Life at the ranch has been hectic to say the least. Today is the LAST day I will spend in phase 2 – tomorrow I phase to phase 3 – all my homework is finally finished. I think I have an awesome job lined up. I’ve got to wait (and this time I don’t mind).




When I blog later this week, I will catch you up on the Addictions 2 part of the program, I am knee deep in it – and the transition from the safety of farm life to real life is a precarious one, and a misstep can be catastrophic. I’ll also be catching you up on life here at the Ranch. It’s been more than a little fun. I took the picture at the top of this blog of Lane the other night, we were bored and he dressed up in a goofy outfit. I snapped the photo and told him I would post it because in a year, when the stress of real life is upon him, he can look at it and remember what a blast he had in rehab. If you look closely, there is a banner behid him that says 'Hope' - it wasn't planned but its certainly in the right place.



Then I mentioned, when I look back, I will look at this as a SUPER fun year. I used to think of this as a year away from my real life, but this has been the most productive year in my life – the changes, the friends, my health, my growth, I resurrected a spirit, and that doesn’t happen too often.

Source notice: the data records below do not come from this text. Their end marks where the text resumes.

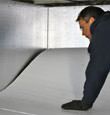 A contractor installing TerraBlock™ floor insulation in a Rushville crawl space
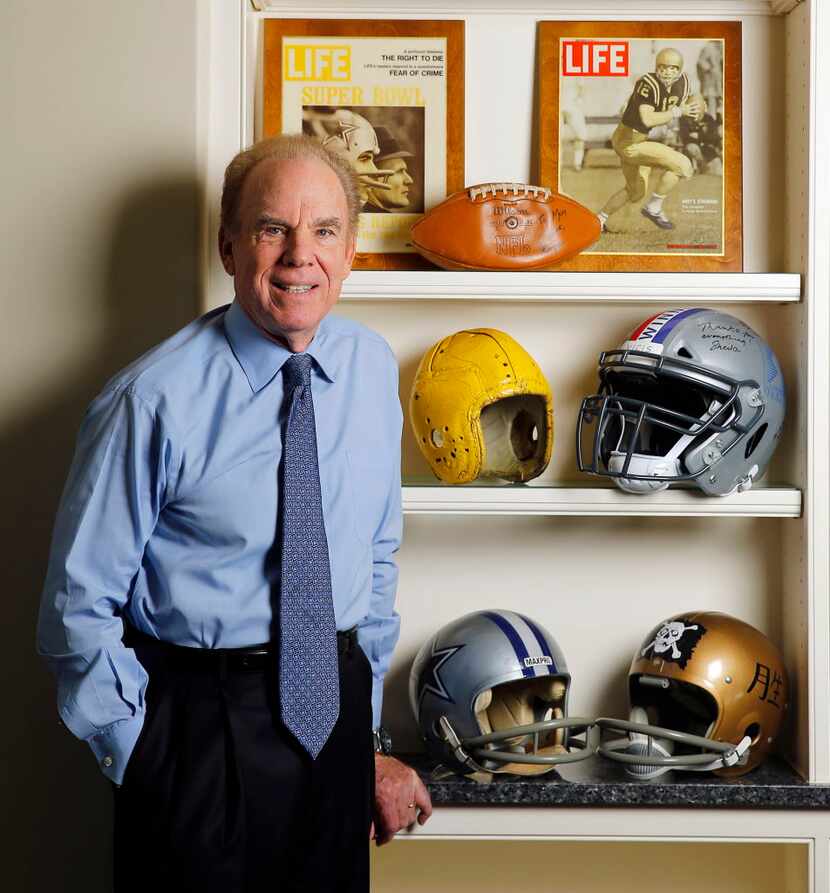 Roger Staubach, a Hall of Fame Dallas Cowboys quarterback, poses with helmets he wore in...
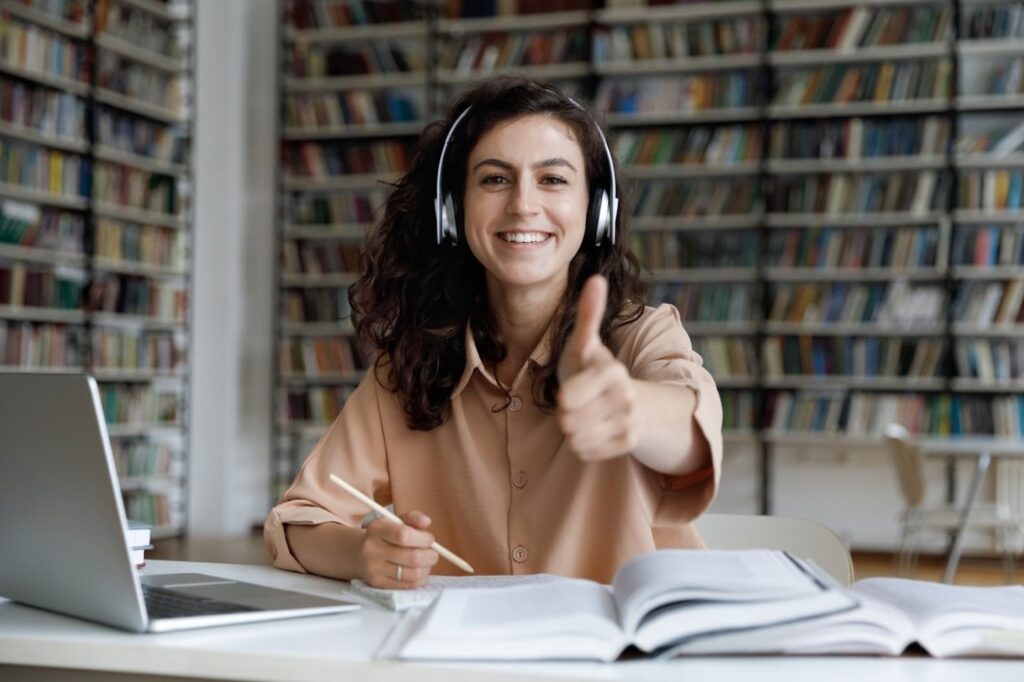 a woman wearing headphones showing a thumb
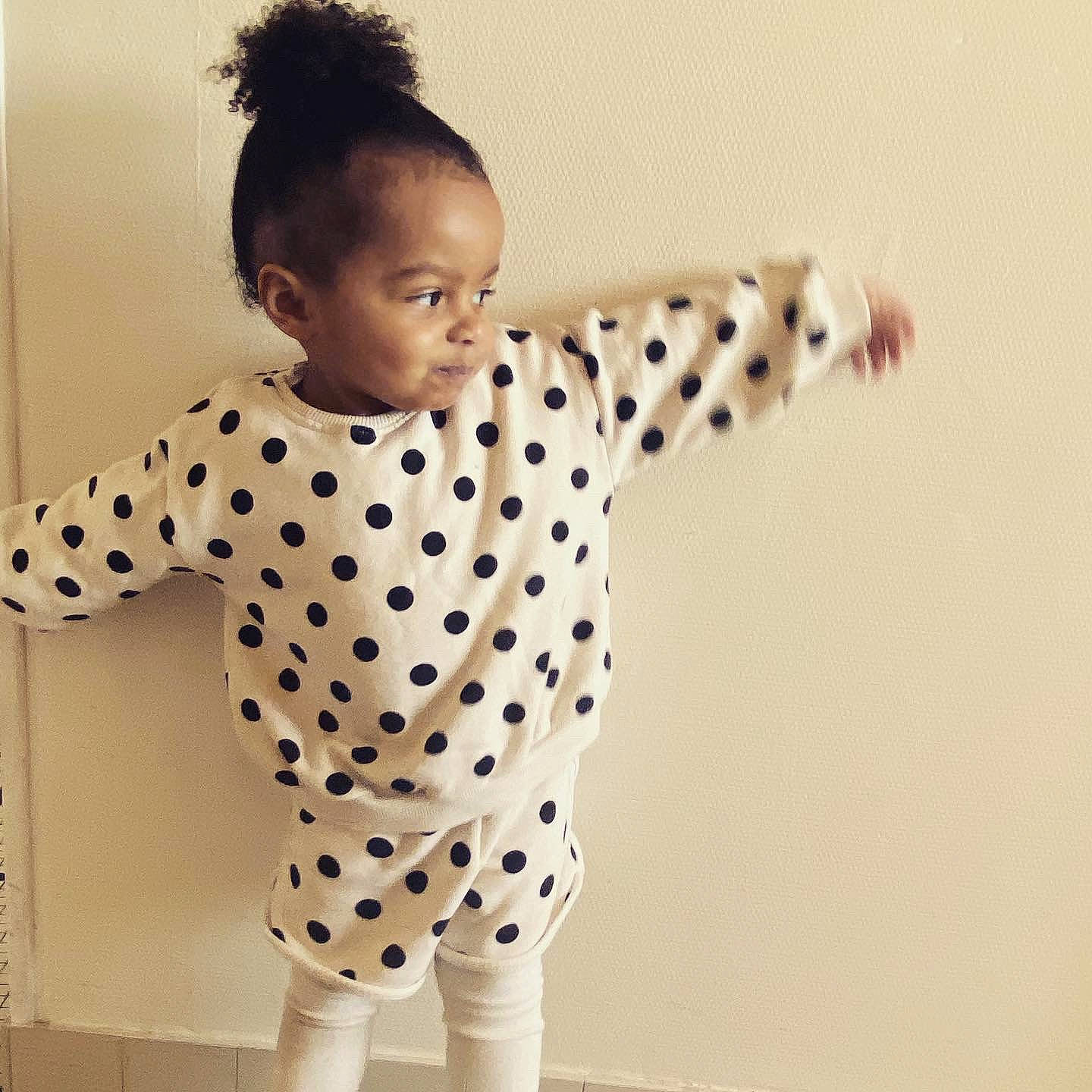 Romane participe au concours pour gagner de l'argent avec cette photo : arm, dress_shirt, elbow, eye, fashion_design, finger, fun, gesture, hair, hairstyle, happy, human_body, neck, pattern, person, shoulder, sleeve, standing, t_shirt, toddler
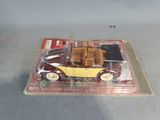 a toy car in a plastic box on a table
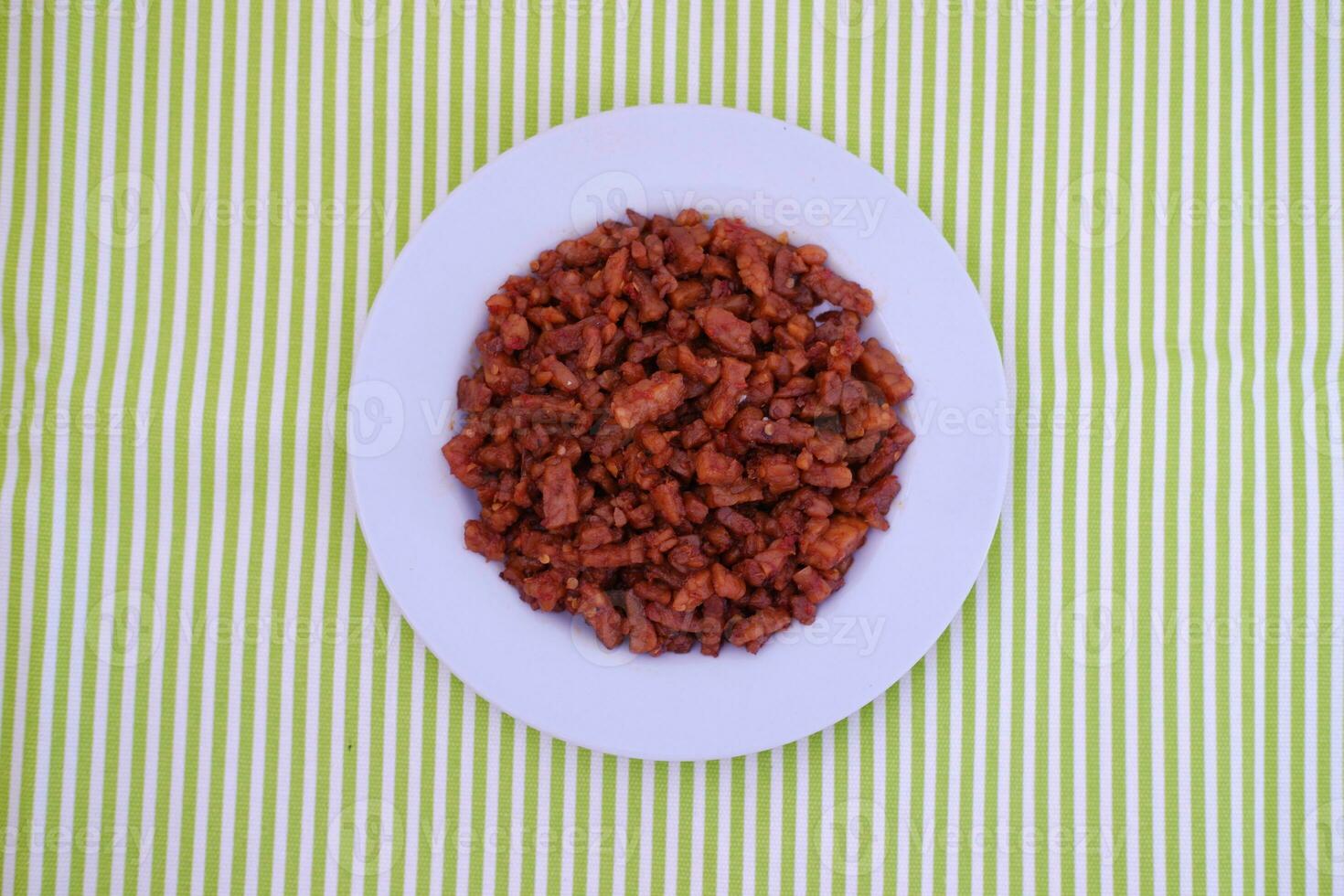 Orek tempe or Sauteed Tempeh is a typical Indonesian cuisine with herbs, garlic, onion, chilli and soy sauce. It tastes delicious photo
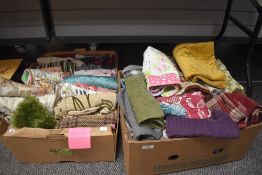 A large collection of cushion covers, various colours, styles and sizes.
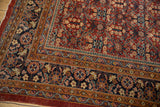 Vintage Mahal rug detail: navy border, blush and saffron motifs, and worn red henna plant field.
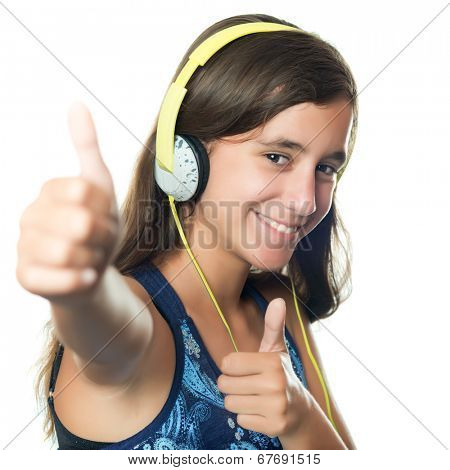 Beautiful hispanic teenager listening to music on her headphones while doing a thumbs up sign isolated on white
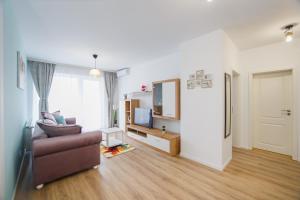 un salon avec un canapé et une télévision dans l'établissement Duet Blanc, à Oradea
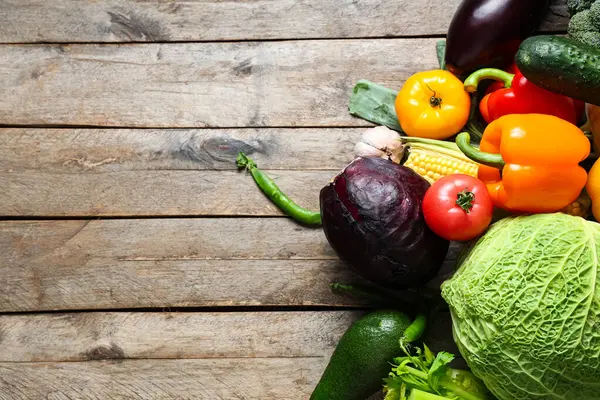 Gri ahşap arka planda farklı taze sebzeler.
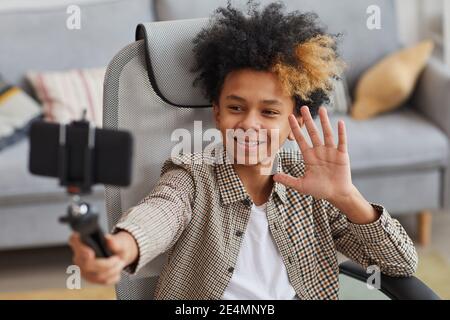 Portrait of smiling African-American boy waving at camera while holding selfie stick and video blogging from home, copy space Stock Photo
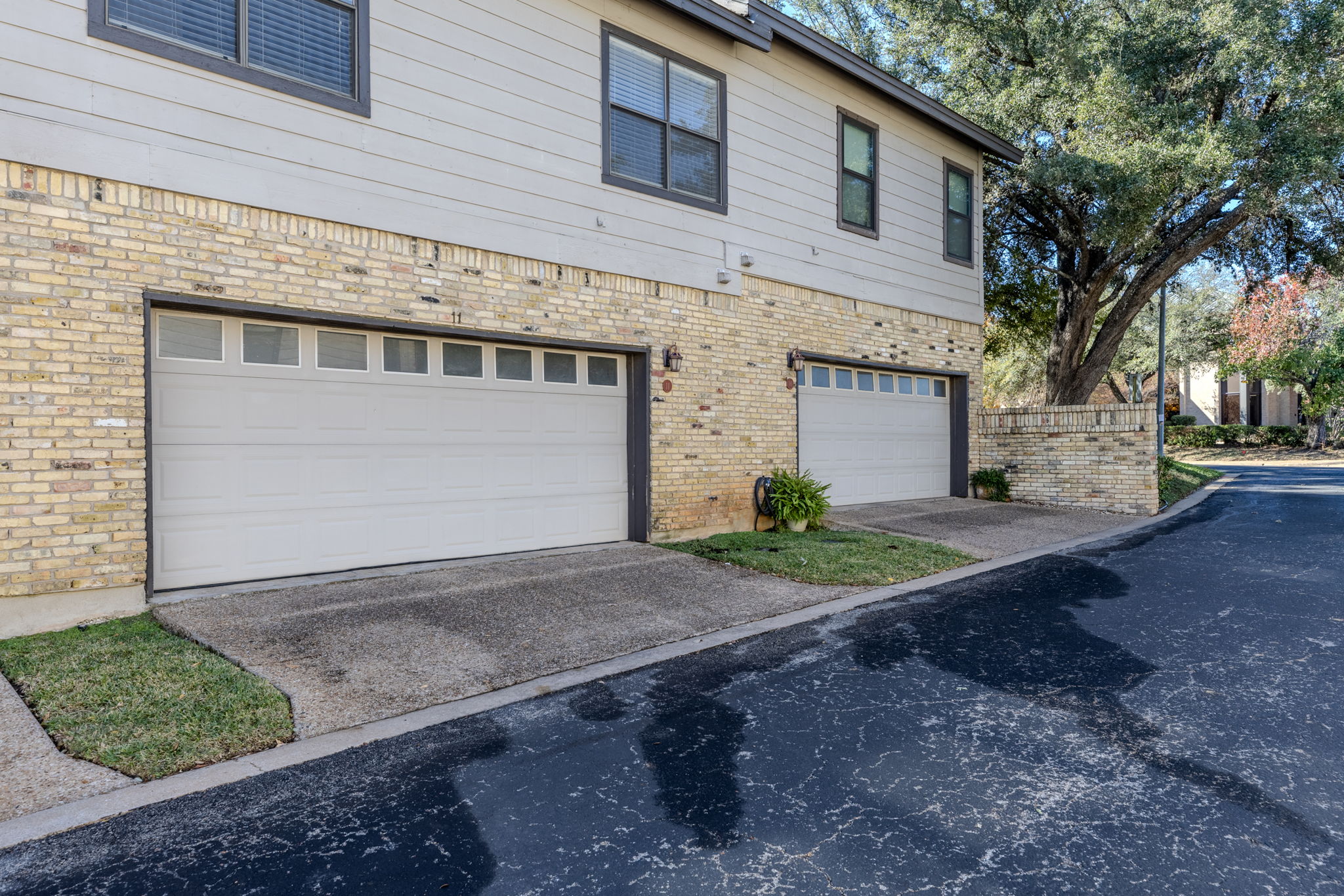 10819 Crown Colony Drive, Unit 11 Austin, TX 78747 - Photo 8 of 40 Pulling in feels easy and practical, with direct access that makes daily routines seamless.
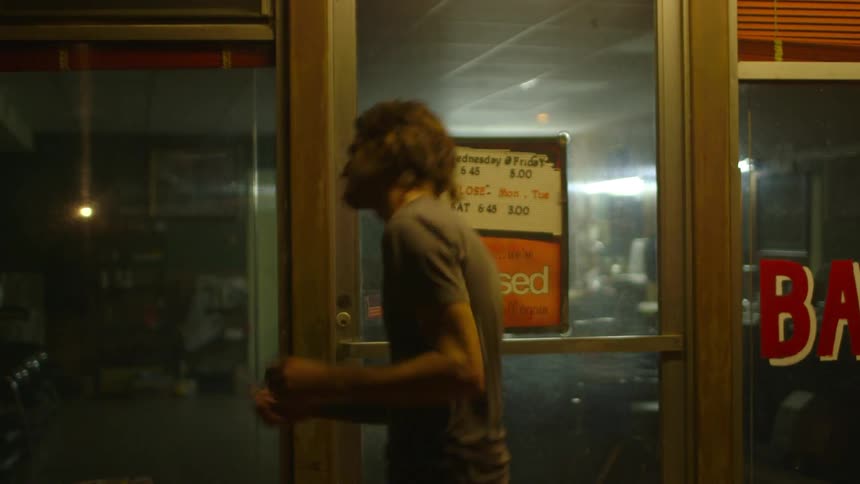 A man dances around at night smoking a cigarette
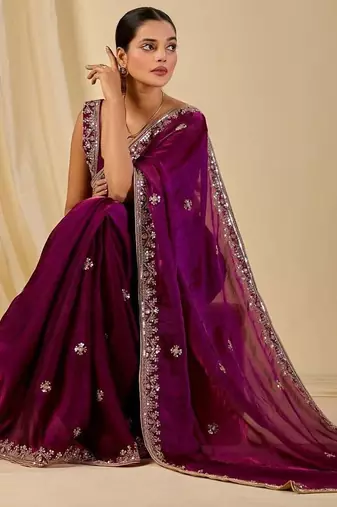 Purple ethnic motifs embroidered organza saree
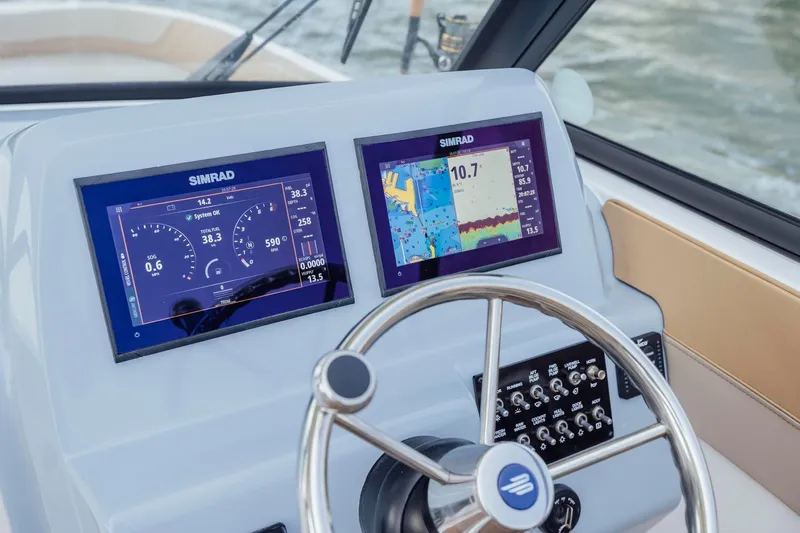 Slide: The Image of Dashboard of 2026 Bayliner Trophy T22SC with dual Simrad displays and steering wheel. - 18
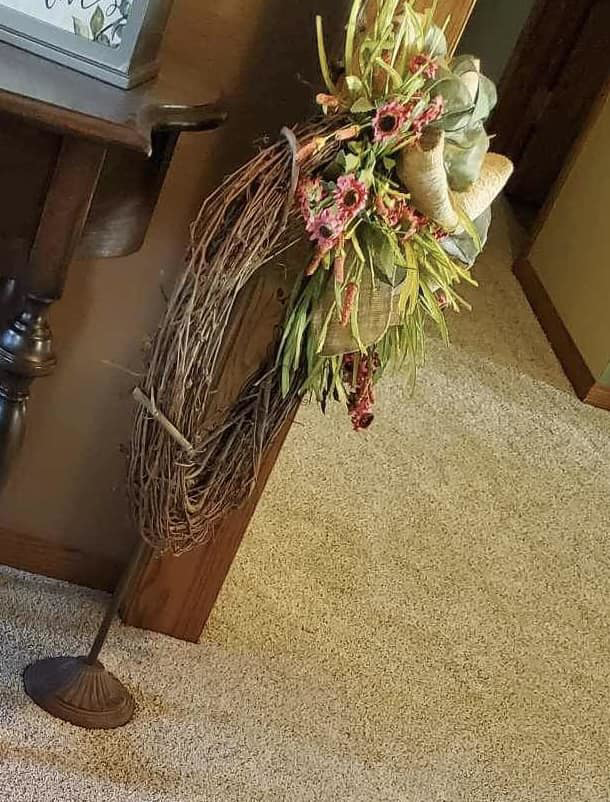 Installed carpet in a home setting with decorative elements, provided by Carpet Center Huron SD in Huron, SD.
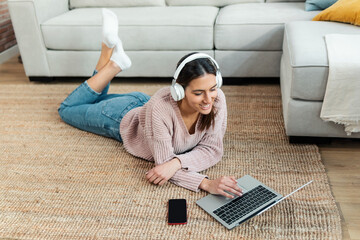 Pretty young woman listening music with headphone while working with laptop lying on the floor at...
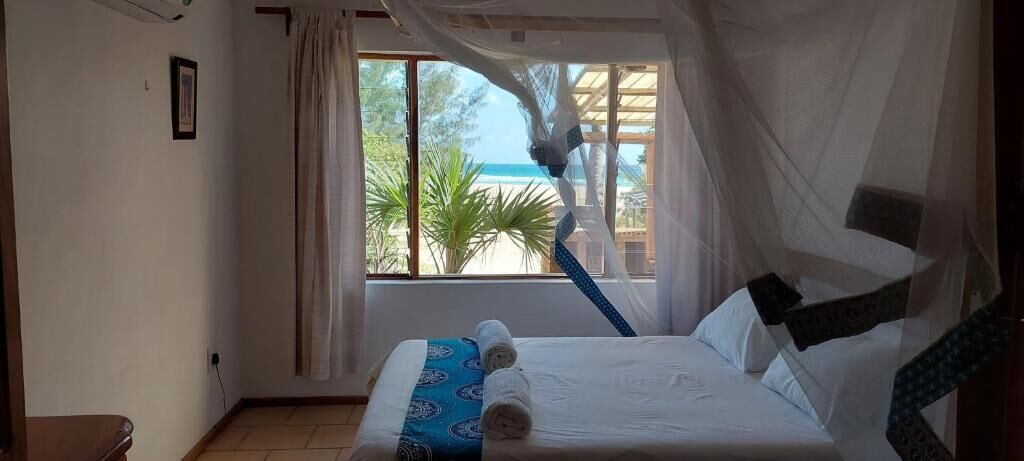 Deluxe Chalet, Patio, Beach View | In-room safe, individually furnished, iron/ironing board, WiFi
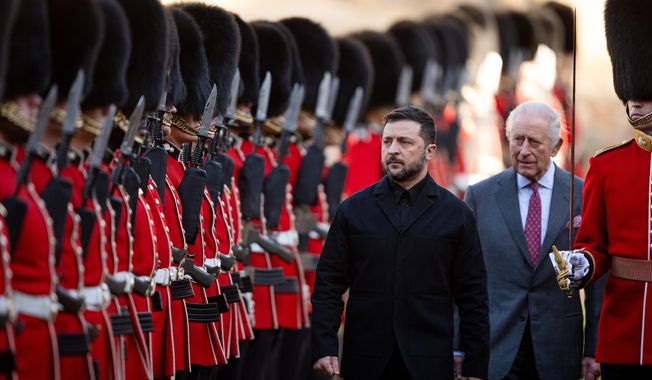Centre from left: Ukraine's President Volodymyr Zelenskyy, King Charles III and Major Ben Tracey inspecting a guard of honour at Windsor Castle, England, Friday, Oct, 24, 2025. (Aaron Chown/Pool Photo via AP)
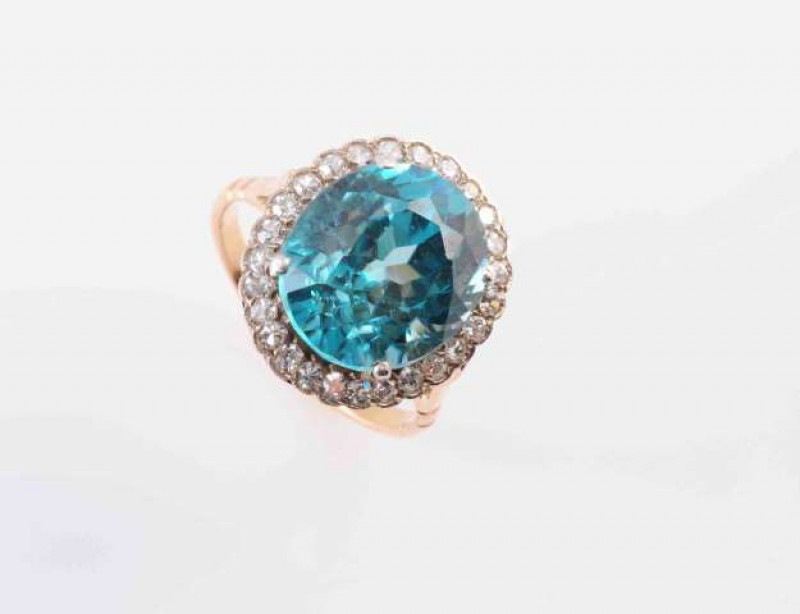 A BLUE ZIRCON AND DIAMOND RING, CIRCA 1890, the oval cut blue zircon four claw set within a surround of twenty six old brilliant cut claw set diamonds in a scalloped edge pierced detail mount between open tapering shoulders on a plain band. Ring size M. W
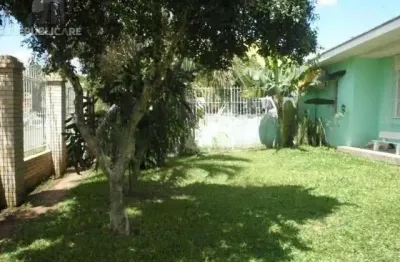 Casa residencial à venda no bairro Rubem Berta com 318 m² e 3 dormitórios/quartos.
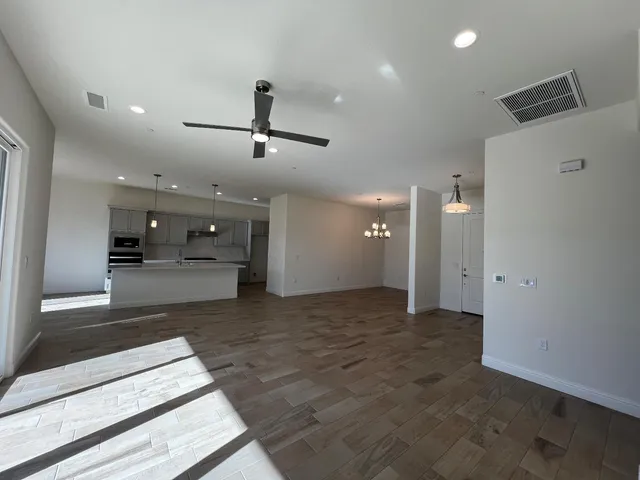 a view of a kitchen with kitchen island a sink stainless steel appliances and cabinets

The guys on the ranch read the article and my celebrity was a good 13 minutes long (I was promised 15 minutes). It wasn’t long before they began hassling me about how long I take in the bathroom, my cooking, I have too many clothes and I am hogging the closet, even about my weight, my friend Brian said, “Its true, the newspaper DOES add 15 pounds to you,” Nothing like good friends to keep it real, eh?




I will say, I feel none of the usual stress of this time of year, and feel hopeful and confident. The fear of relapse weighed heavily on me, but in my conversation with Tina, she predicted something that has really changed my perspective, she gave me a gift she may not know she even offered.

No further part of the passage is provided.